:: Work task ::
Copy, exactly as written, the lines that begin at the one containing "There are a" and end at the one containing "You're going to". Skip any pictures in the data below.

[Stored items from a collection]
_ _ _ _ _ _ _

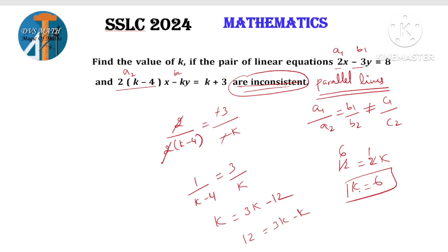These 2-mark questions will appear like that — find the value of k if the pair of linear equations is inconsistent, consistent, intersecting, or coincident. They will just change the values. Now verify: with k = 6, we get 6 minus 4 = 2, so 2 by 4 = 1 by 2. Similarly minus 3 by minus 6 = 1 by 2. But 8 by 9 does not equal c1 by c2, so the inconsistent condition is satisfied.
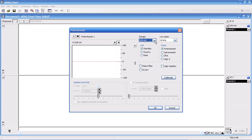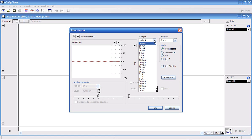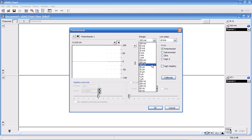You can start by choosing the range for the current in here. For this example, I'm going to choose 100 microamps.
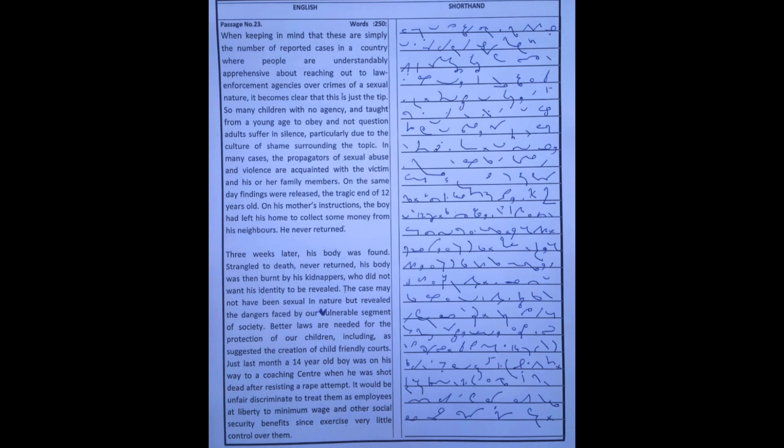In many cases, the perpetrators of sexual abuse and violence are acquainted with the victim and his or her family members. On the same day findings were released, the tragic end of a 12-year-old.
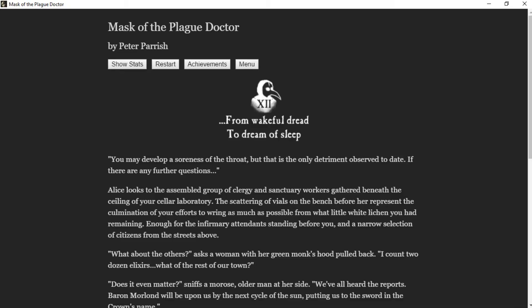Hello and welcome back to Mask of the Plague Doctor by Peter Parrish with New Borden. We're on Chapter 12, From Wakeful Dread to Dream of Sleep.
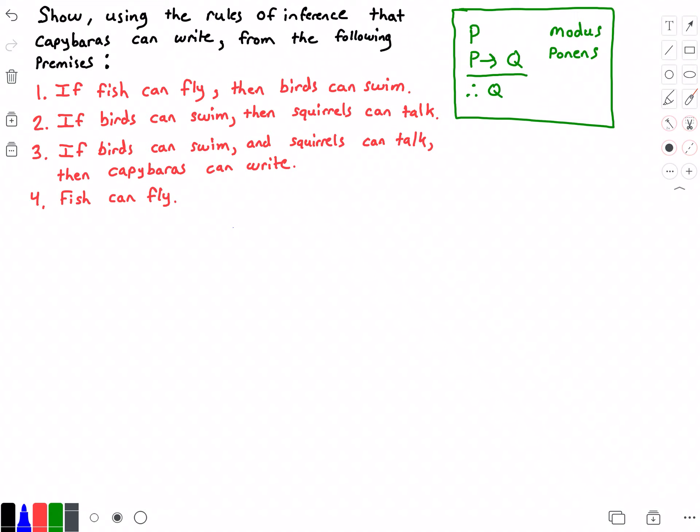Before we begin solving this problem, let's take a look to the right — in the green rectangle I have a rule of inference called the modus ponens rule. It states that if p is true and p implies q is true, then we can conclude that q is also true. We're going to use this rule to solve this problem.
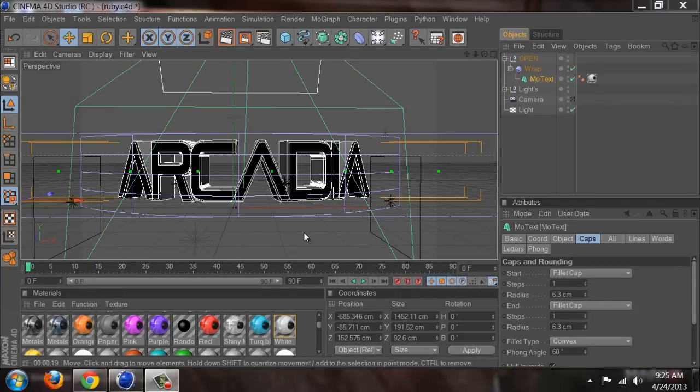Hey guys, it's Arcadia, and in this tutorial I'm showing you how to do what I did in my white background with all the pieces in the back that look really cool and how the text is wrapped. I already had this Lightroom saved so I'm going to show you my presets and settings.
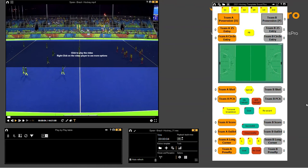Hello everybody. I'm just going to make this quick video to show you how to actually use the new Naxxport Scout Plus Hockey template that we've created for you alongside the dashboard. It's available to use for free — all you need to do is email info at analysispro.com and we'll send both files over, ready for you to get started and analyse a game.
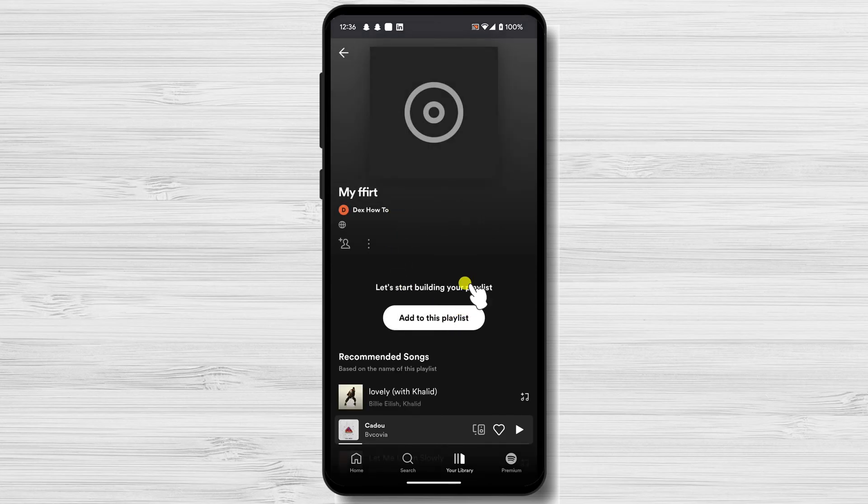There are a few ways to add songs to your playlist. You can search for songs and tap the plus button next to the song to add it to your playlist. You can tap a song that is already playing and tap the plus button to add it to your playlist. You can tap an album or artist and then tap the plus button next to the song to add it to your playlist.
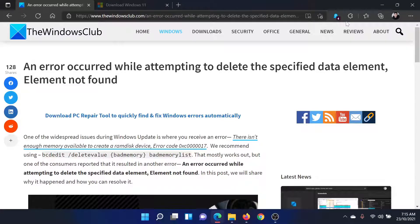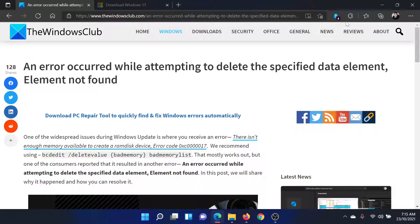Welcome to The Windows Club. If you encounter the error 'An error occurred while attempting to delete the specified data element, Element not found' while trying to update or upgrade your system to a newer version of Windows, then either read the article for the resolution or simply watch this video. I'll guide you.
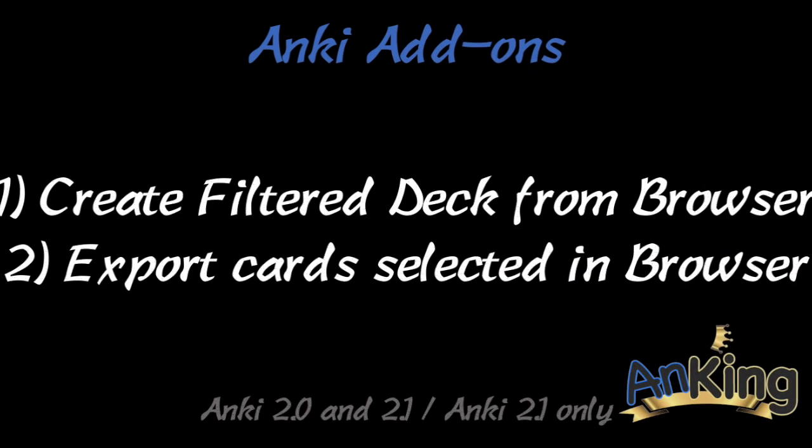Today's AnKing add-on includes two separate ones to create a filtered deck from the browser as well as export cards that are selected in the browser. Both are very useful add-ons.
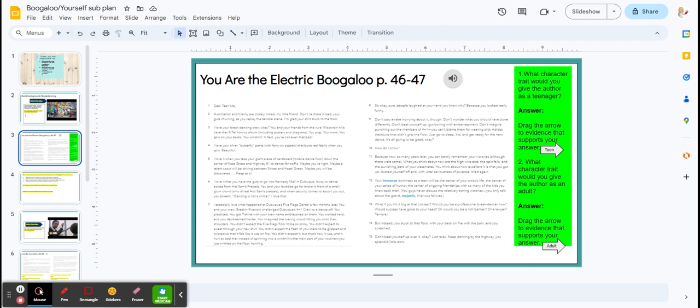You're going to give the author a character trait that he might give himself as a teenager, write it down, then drag the arrow to your text evidence, and then the same for an adult.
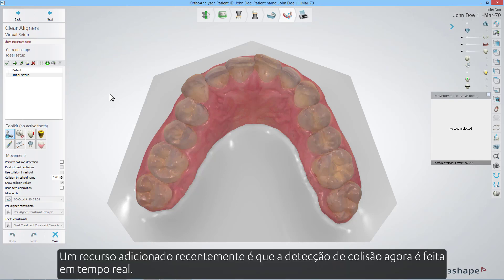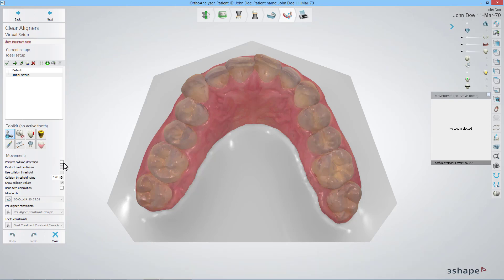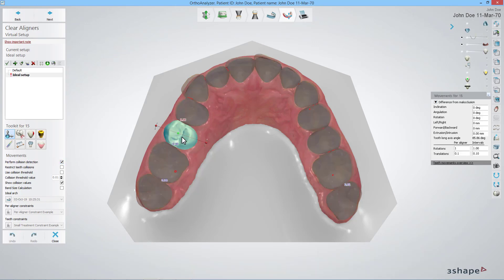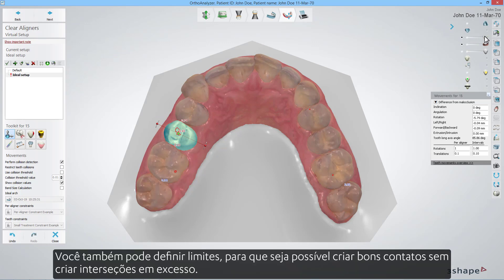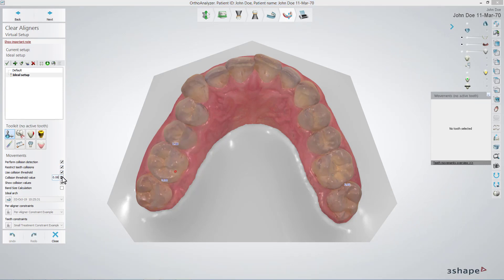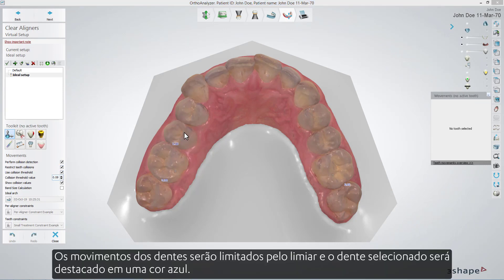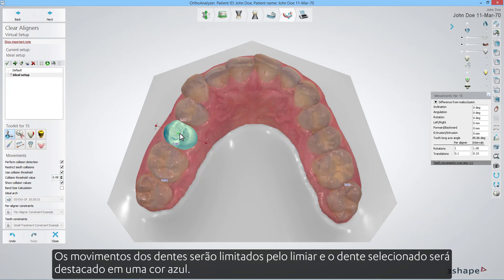A recently added feature is that the collision detection is now done in real-time. You are also able to set thresholds, so it is possible to construct good hard contacts without creating excessive intersections. Teeth movements will be limited by the threshold, and the selected tooth will be highlighted with a blue color.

_ _ _ _ _ _ _

:: The completed task ::
There are a few ways to add songs to your playlist. You can search for songs and tap the plus button next to the song to add it to your playlist. You can tap a song that is already playing and tap the plus button to add it to your playlist. You can tap an album or artist and then tap the plus button next to the song to add it to your playlist.
Welcome to The Windows Club. If you encounter the error 'An error occurred while attempting to delete the specified data element, Element not found' while trying to update or upgrade your system to a newer version of Windows, then either read the article for the resolution or simply watch this video. I'll guide you.
Today's AnKing add-on includes two separate ones to create a filtered deck from the browser as well as export cards that are selected in the browser. Both are very useful add-ons.
You're going to give the author a character trait that he might give himself as a teenager, write it down, then drag the arrow to your text evidence, and then the same for an adult.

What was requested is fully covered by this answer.